Voici le récit glaçant d’une journaliste égyptienne. Les mots qu’elle a choisis elle-même pour raconter son histoire et son calvaire. Abeer Elsafty a travaillé plusieurs années en Égypte avant d’être contrainte de fuir son pays en 2023 après avoir subi arrestations, violences et détention pour avoir exercé son métier.
[Par Abeer Elsafty, publié le 04/11/2025]

Beaucoup pensent que la première épreuve est toujours la plus dure, que la douleur finit par s’atténuer avec le temps et la répétition. Pour moi, c’est l’inverse : la répétition a été la vraie torture.
Je suis journaliste égyptienne. Si j’écris aujourd’hui, c’est pour témoigner de ce que j’ai vécu, pour raconter l’enfer des prisons égyptiennes et la répression que subissent ceux qui osent dire la vérité. L’humanité nous enseigne que la vérité est une vertu. Le journalisme en fait un devoir. Mais dans mon pays, dire la vérité est devenu un crime. Et j’en ai payé le prix — de mes années, de ma liberté, de ma dignité.
L’arrestation de 2017 : “L’année de la femme”
En janvier 2017, le président Abdel Fattah Al-Sissi déclarait cette année « l’année de la femme ». Pour moi, cette année a commencé par mon arrestation. Mon tort : avoir dénoncé l’accord maritime par lequel l’Égypte cédait les îles de Tiran et Sanafir à l’Arabie saoudite.
J’avais 22 ans. Les yeux bandés, j’étais interrogée sur mon travail, mes opinions, mes articles. Pendant des heures, je n’ai vu que le noir de ce bandeau.
Après l’interrogatoire, on m’a coupée du monde : aucune visite, aucun contact, et même la négation de ma présence dans le commissariat.
On m’a ensuite jetée dans une cellule de cinq mètres carrés, avec une dizaine de détenues de droit commun. Je pensais à ma fille de trois ans. Le lendemain, le procureur m’a accusée de “manifestation” et de “rassemblement illégal”. Trois jours plus tard, j’étais libérée sous caution — avant d’apprendre qu’un an de prison avait été prononcé contre moi, par contumace.

“C’était leur manière de punir une journaliste”
Quelques mois plus tard, en juillet, j’ai couvert la répression policière contre les habitants de l’île d’Al-Warraq. Le lendemain, j’étais de nouveau arrêtée. On m’a bandé les yeux, encore une fois. Puis j’ai entendu une voix ordonner : « N’est-ce pas celle qui filmait à Al-Warraq ? Attachez-lui les mains derrière le dos et suspendez-la ! » Je croyais à une menace. En quelques secondes, j’étais pendue par les poignets, tout mon corps tiré vers le bas. Chaque policier passant devant moi me frappait où me touchait.

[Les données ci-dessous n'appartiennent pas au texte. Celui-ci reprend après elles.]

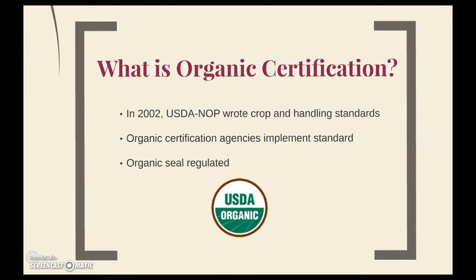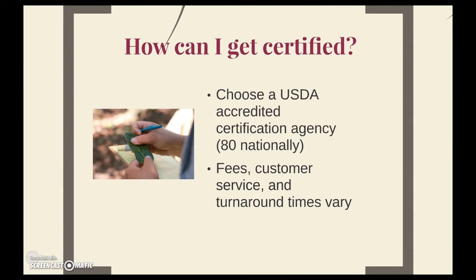How can you get certified? First, you must choose a USDA accredited certification agency. There are about 80 nationally here in the United States. Although all the agencies perform the same USDA certification, they all vary based on fees, customer service, and turnaround times. So you want to make sure you choose an agency that's right for you, because you will be in a lot of communication with them — not only your first year, but annually as well.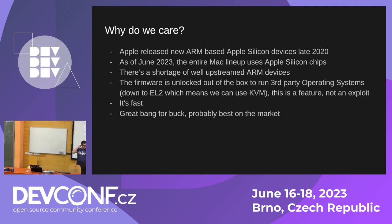Another cool thing about these devices is the firmware is unlocked out of the box to run third-party operating systems — Linux, obviously, but some people also run OpenBSD on Apple Silicon. This is actually a feature of the device, not an exploit. The firmware is even unlocked to the EL2 layer, which means you have KVM support and all those goodies included. They're really fast and great bang for the buck — you can get some of these devices for around 700 euros or dollars.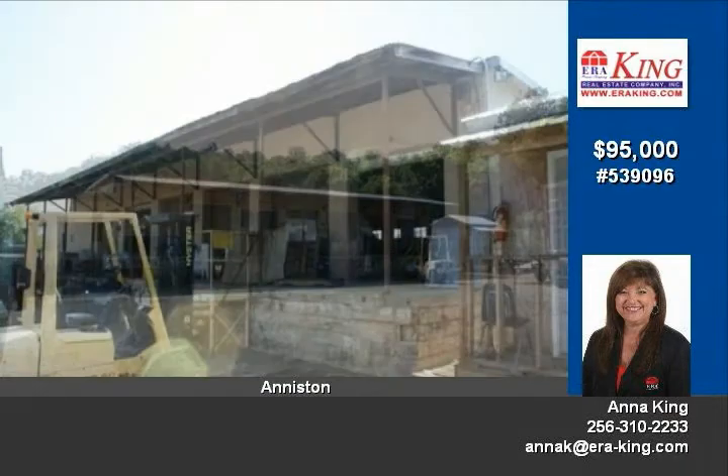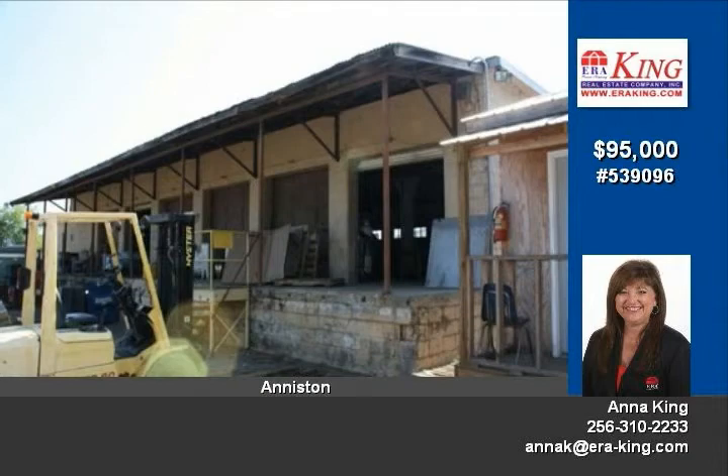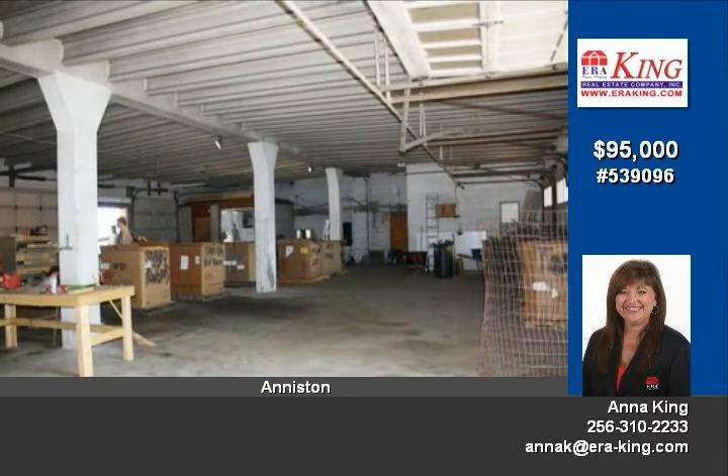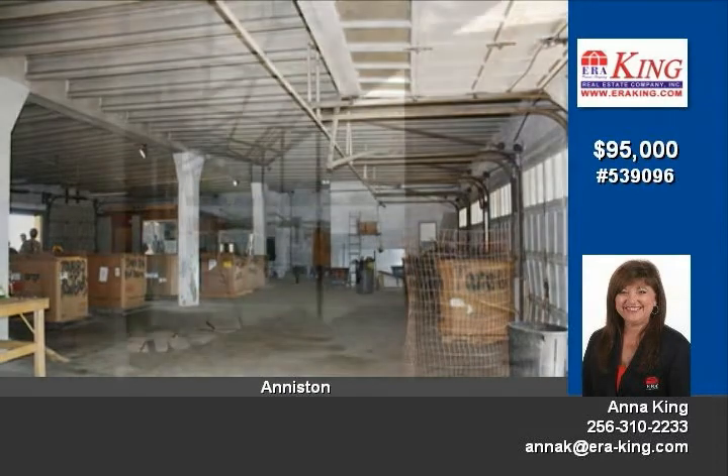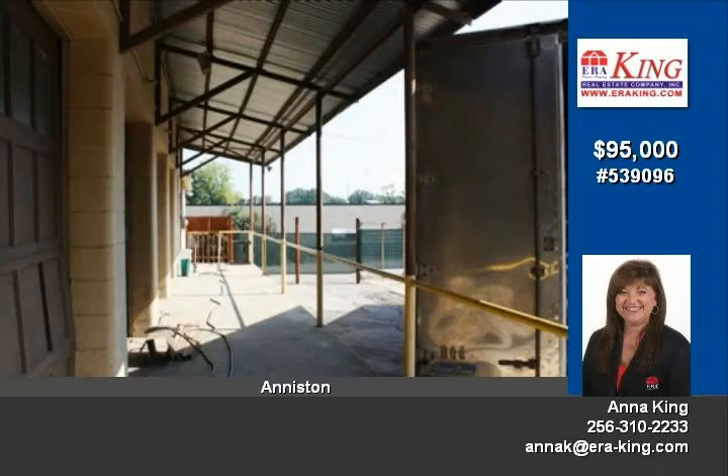The building was the old Anniston Sportswear and has tons of offices, reception area, large cafeteria, a break room, high ceilings throughout, nurses station, multiple restrooms in offices and warehouse area, assembly area, and boiler room.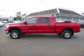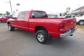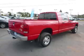This is a 2006 Dodge Ram 2500. This Dodge has just 65,000 miles and a 5.7L V8 engine.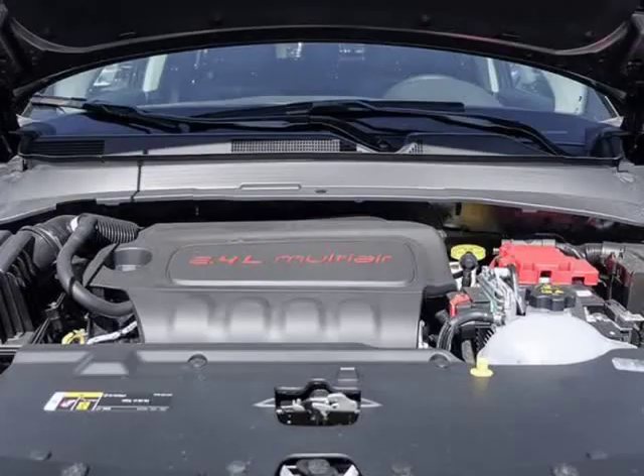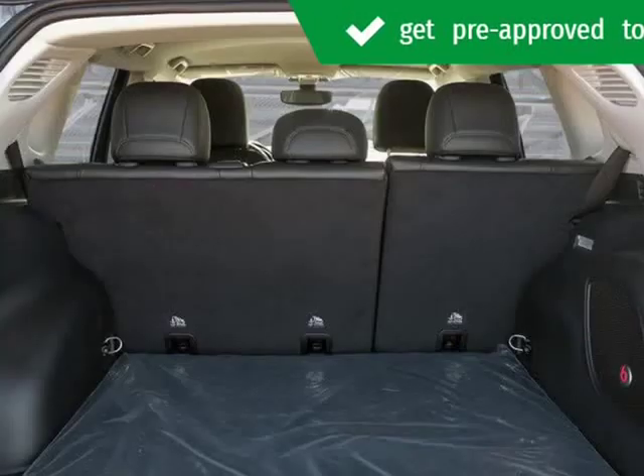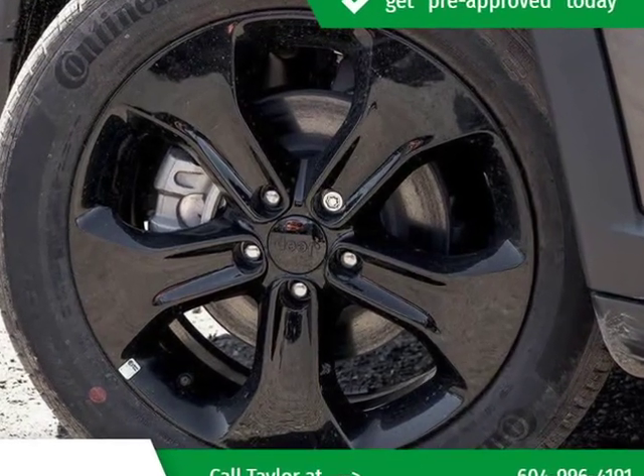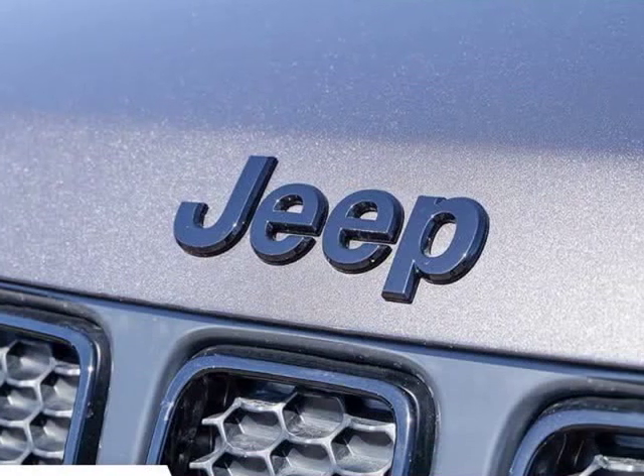Under the hood you'll find a 4-cylinder engine with more than 170 horsepower, and for added security, dynamic stability control supplements the drivetrain. The 4-wheel drive allows you to go places you'd only imagine.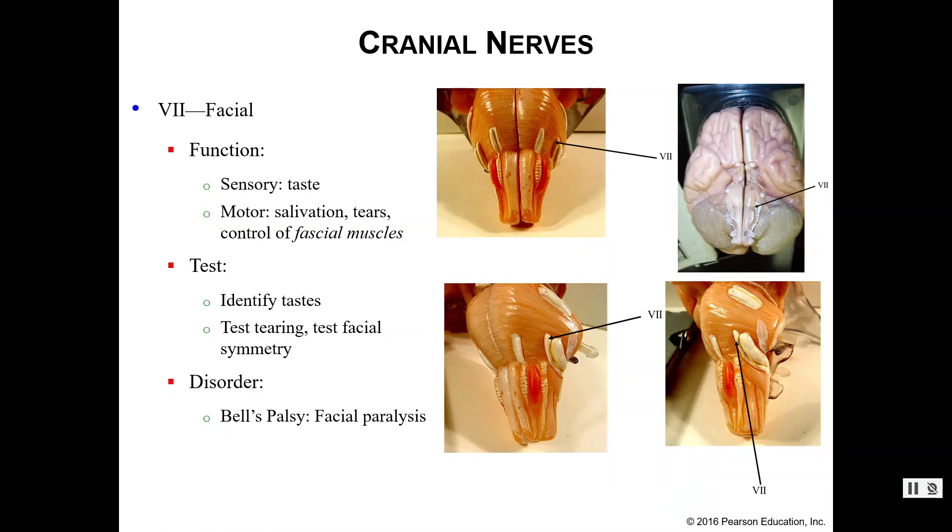Number seven is the facial nerve, another mixed nerve. It has sensory functions of taste, and motor functions of salivation, tear production, and control of your facial muscles — think of muscles like your zygomaticus. To test this function we can have you identify tastes, test your tearing ability, and test your facial symmetry. If your facial muscles are not symmetrical on both sides when you try to move them, you may have impairment of your facial nerve, which is what you see in Bell's palsy — a temporary facial paralysis that can come and go, sometimes triggered by stress.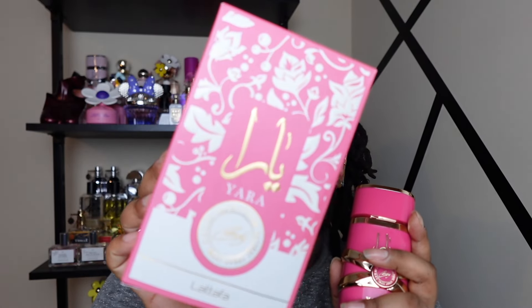It's a very easy-to-like scent and a very safe blind buy — I would definitely recommend checking it out. It's also a beautiful bottle; I really love this color, and the packaging it came in was really cute too. This is a scent that's going to project very well — it's not a beast mode scent, but when you walk by people they're definitely gonna notice that you're smelling good.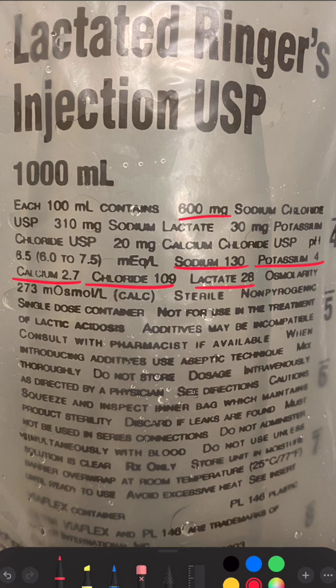It contains 28 milliequivalents per liter of lactate. Note that this is not lactic acid — Lactated Ringer's does not create a lactic acidosis as many erroneously assume.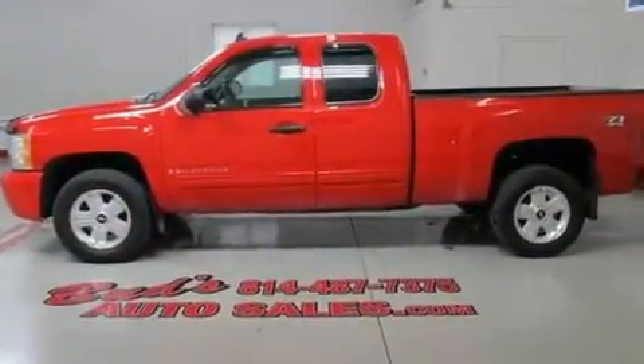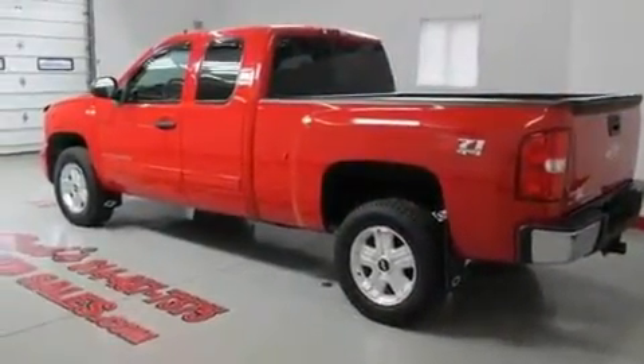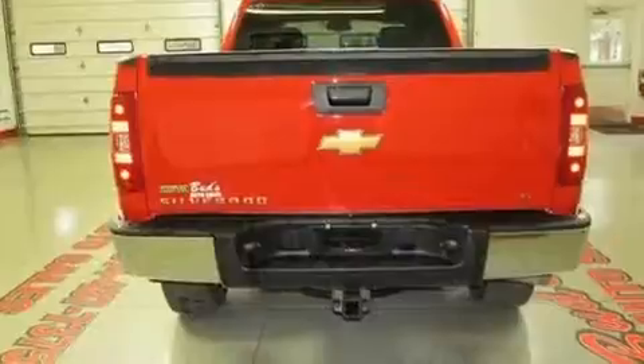Its top features and packages include air conditioning with automatic climate control, steering wheel mounted cruise control, full-power accessories, alloy wheels, a bed liner, and a low-tire pressure indicator.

C’était leur manière de “punir une journaliste”. J’ai perdu connaissance. Le lendemain, le procureur a refusé d’enregistrer les traces de torture sur mon corps. J’ai passé plus de deux mois dans une prison surpeuplée, battue, humiliée, torturée. J’y ai perdu une dent.
En mai 2018, après la hausse du ticket de métro, j’ai rejoint un sit-in pacifique contre cette mesure injuste. J’ai été frappée, traînée au sol, agressée sexuellement en public.
Pendant plus de trente heures, on m’a privée de nourriture, d’eau et de sommeil. J’ai ensuite passé sept mois en détention : cinq pour avoir protesté, deux autres avant d’être acquittée dans l’affaire des îles de Tiran et Sanafir. En prison, j’ai été torturée, harcelée, puis violée par une policière. À ma sortie, je devais me présenter deux fois par semaine au commissariat. J’y étais souvent retenue des heures, volée, humiliée, parfois touchée contre mon gré.
La disparition
Ma quatrième arrestation a eu lieu en avril 2019, après ma couverture du référendum constitutionnel. Cette fois, j’ai “disparu” pendant six jours. Nulle part inscrite, détenue illégalement, exposée à la mort à tout moment. J’ai été encore une fois frappée, violée, torturée. J’ai même tenté de mettre fin à mes jours. Mon incarcération a duré onze mois.
Privée de soins, de visites, de sommeil.
À ma libération, un autre enfer m’attendait : le rejet social, le silence, la peur des autres.
Aujourd’hui, je témoigne pour que ces violences ne restent pas impunies.
Pour dire que la première fois n’est pas toujours la plus difficile.
Parfois, c’est la seule qu’on arrive encore à supporter.